Current and future status of ALL therapy in AYA patients. The essential steps are a correct risk stratification (genetics, MRD), the use of an institutional/national pediatric-based protocol containing Peg-ASP among other elements, enriched whenever possible with targeting agents (Ph+ ALL: additional TKI therapy; B-ALL: monoclonal antibodies if CD20+, CD19+, CD22+), and with a prospective risk-oriented allogeneic HCT policy according to study protocol. Further improvements, under evaluation in ongoing trials, may be possible with the intensification of immunotherapy, the introduction of other targeting agents (as suggested by molecular profiling data), and the optimization of drug therapy (as suggested by drug sensitivity screening).

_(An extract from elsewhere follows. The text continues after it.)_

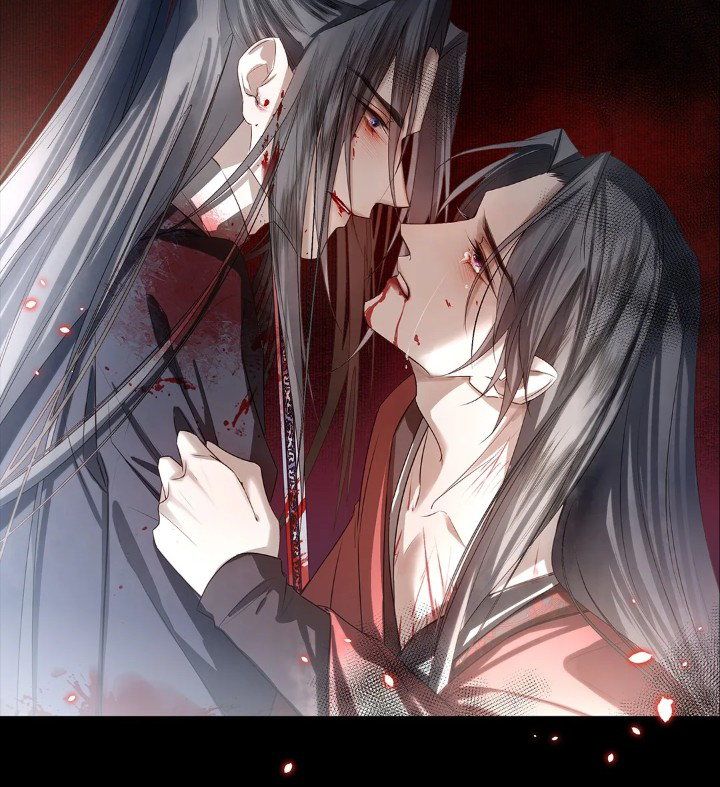 In My Death, I Became My Brother's Regret Prologue 第9页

New trials will have to evaluate novel drug combinations and sequences, demonstrating therapeutic progress with manageable toxicity, finally allowing depotentiation of intensive chemotherapy and reducing the need for allogeneic HCT. ALL, acute lymphoblastic leukemia; AYA, adolescents and young adults; HCT, hematopoietic cell transplantation; HR, high risk; MRD, minimal (or measurable) residual disease; Peg-ASP, pegylated-asparaginase; Ph–, Philadelphia chromosome-negative B-ALL; Ph+, Ph chromosome-positive B-ALL; TKI, tyrosine kinase inhibitor.